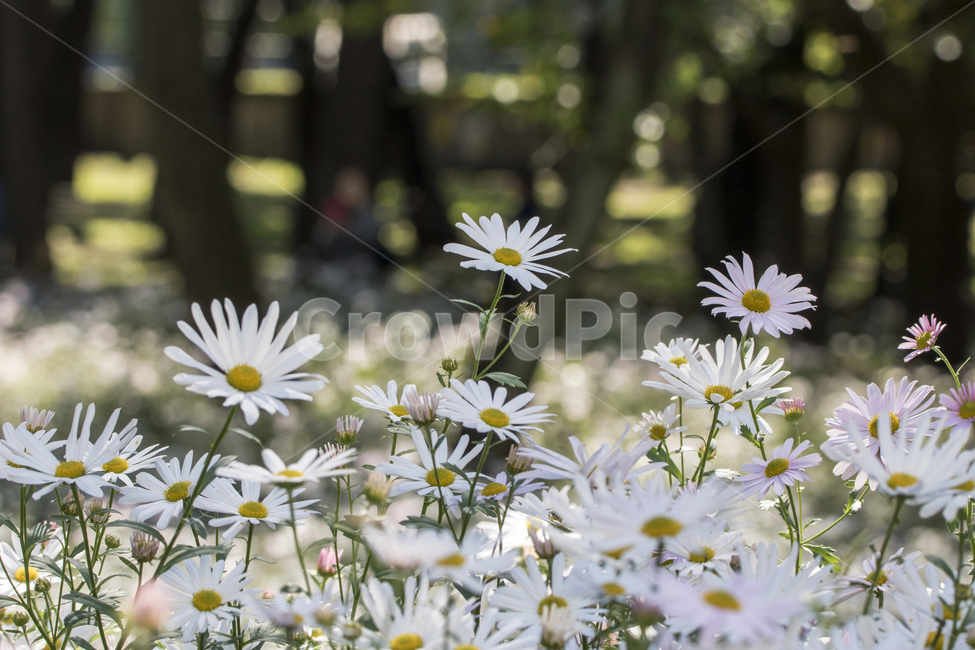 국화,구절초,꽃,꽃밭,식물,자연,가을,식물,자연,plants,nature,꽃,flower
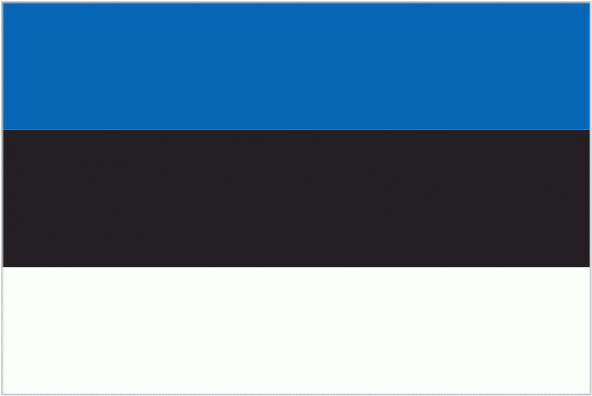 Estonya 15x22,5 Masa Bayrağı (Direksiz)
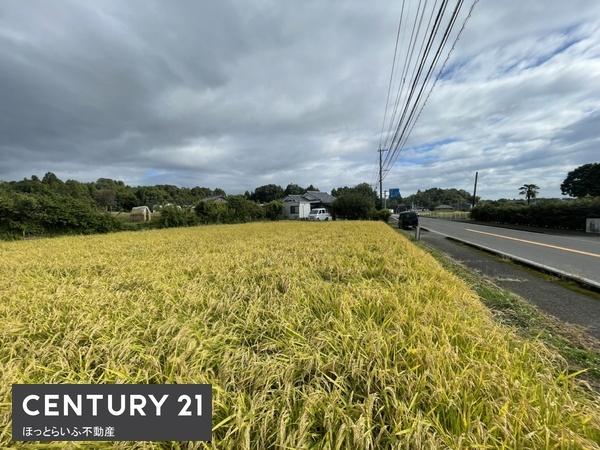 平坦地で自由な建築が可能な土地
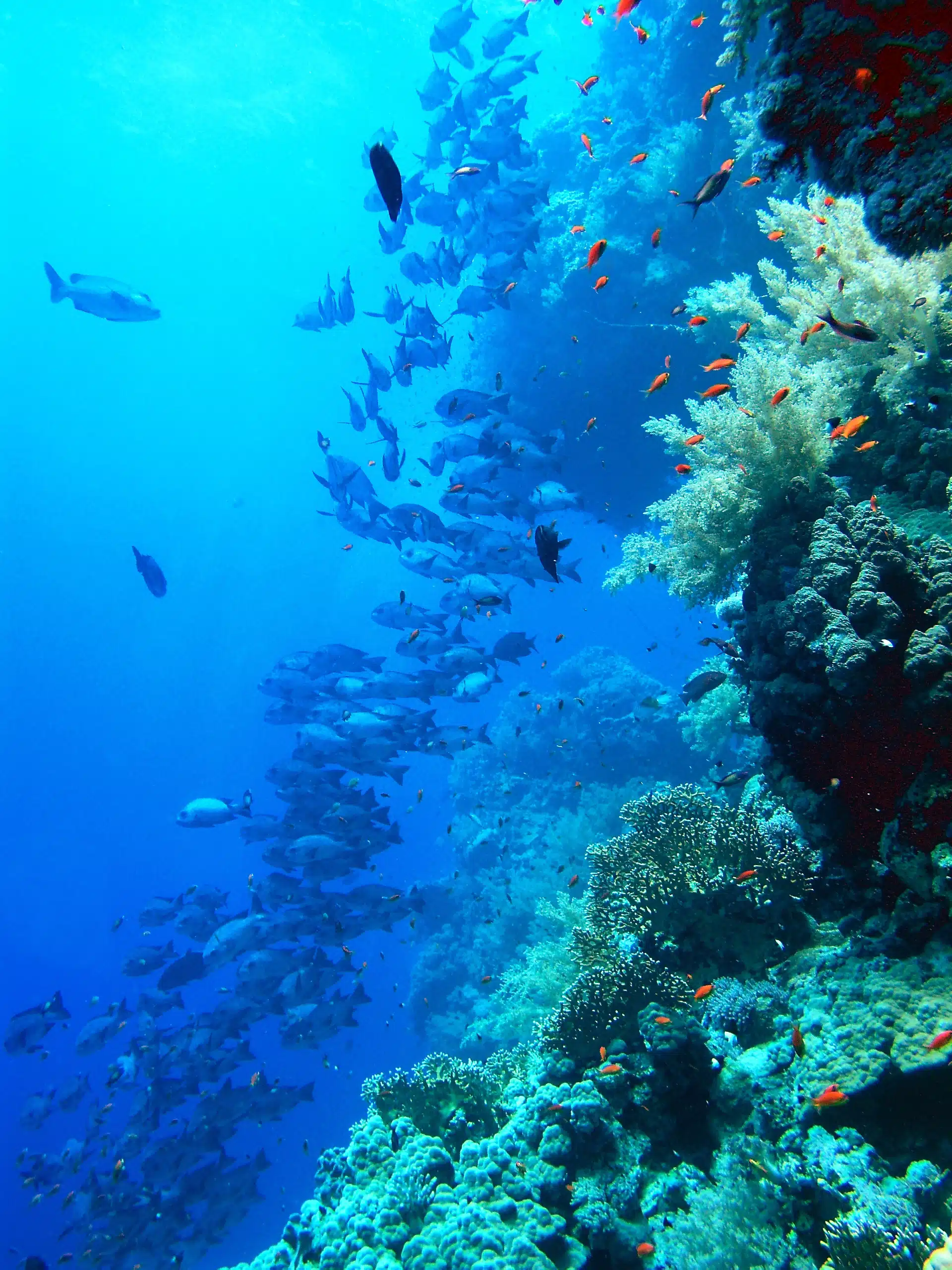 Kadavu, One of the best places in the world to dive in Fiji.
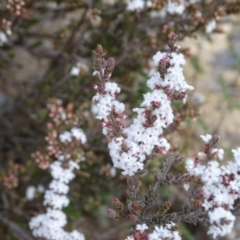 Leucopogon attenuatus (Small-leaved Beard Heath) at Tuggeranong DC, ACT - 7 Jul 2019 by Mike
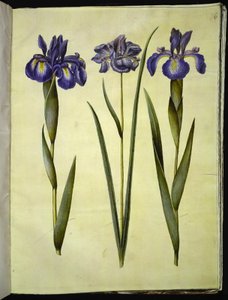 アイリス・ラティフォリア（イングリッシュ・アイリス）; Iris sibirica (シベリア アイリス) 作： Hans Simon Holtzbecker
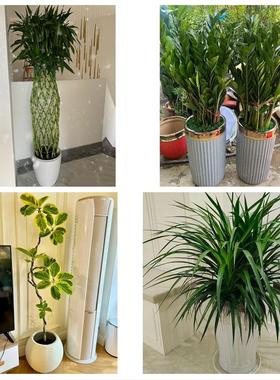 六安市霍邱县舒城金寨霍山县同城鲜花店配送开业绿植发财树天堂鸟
...
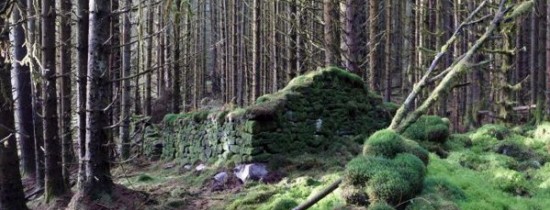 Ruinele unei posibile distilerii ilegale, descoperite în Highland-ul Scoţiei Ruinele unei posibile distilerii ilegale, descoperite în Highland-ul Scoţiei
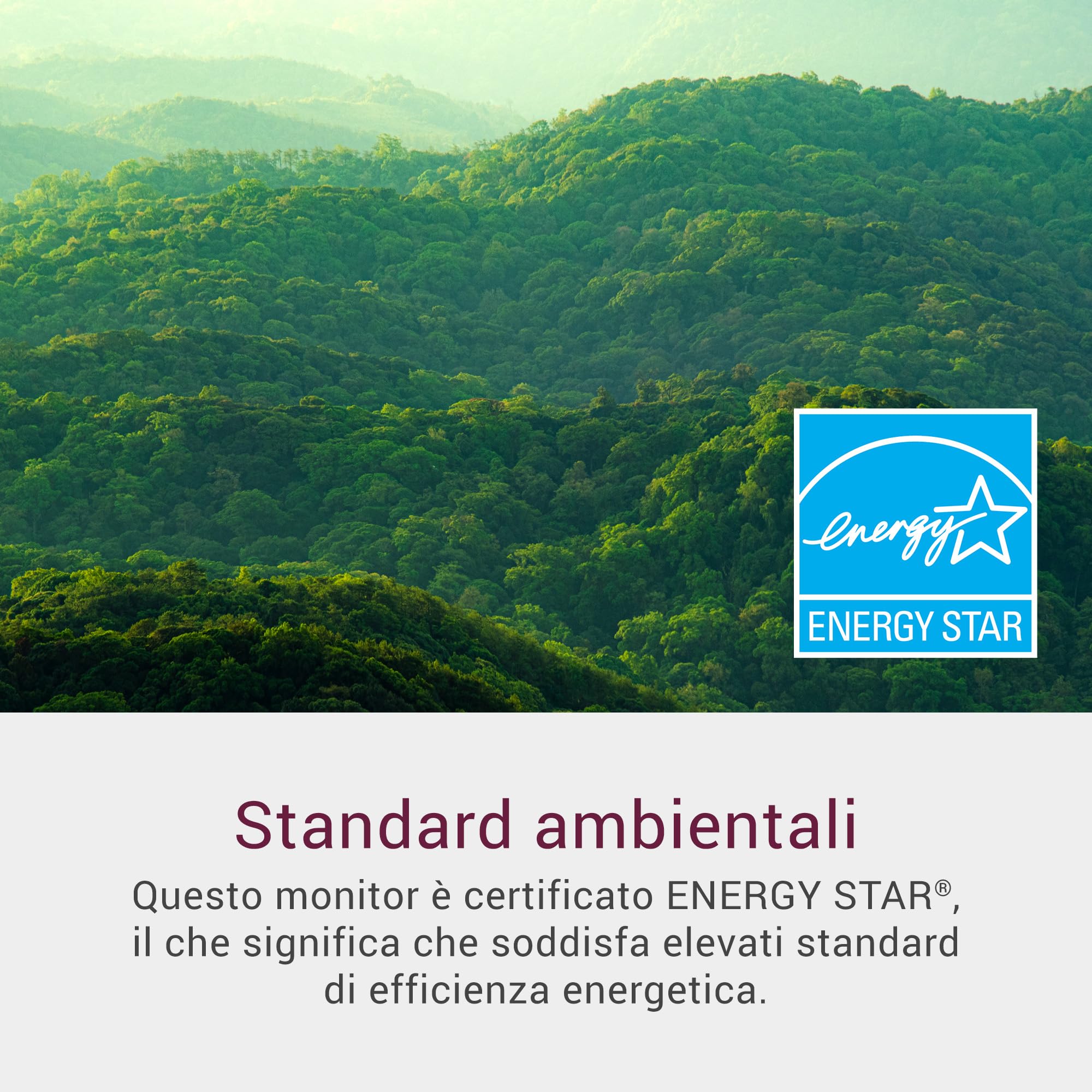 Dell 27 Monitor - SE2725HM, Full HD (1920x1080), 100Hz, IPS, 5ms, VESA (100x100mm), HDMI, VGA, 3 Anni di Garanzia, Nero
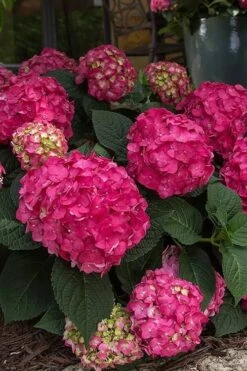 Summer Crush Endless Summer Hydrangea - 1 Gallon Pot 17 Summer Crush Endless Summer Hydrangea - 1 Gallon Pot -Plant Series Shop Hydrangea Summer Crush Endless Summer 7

* [Your goal]
Write out again exactly the lines above from the one with "Dell 27 Monitor" through the one with "Summer Crush Endless Summer Hydrangea - 1 Gallon Pot 17", adding no other lines and no pictures.

* [Exercise answer]
 Dell 27 Monitor - SE2725HM, Full HD (1920x1080), 100Hz, IPS, 5ms, VESA (100x100mm), HDMI, VGA, 3 Anni di Garanzia, Nero
 Summer Crush Endless Summer Hydrangea - 1 Gallon Pot 17 Summer Crush Endless Summer Hydrangea - 1 Gallon Pot -Plant Series Shop Hydrangea Summer Crush Endless Summer 7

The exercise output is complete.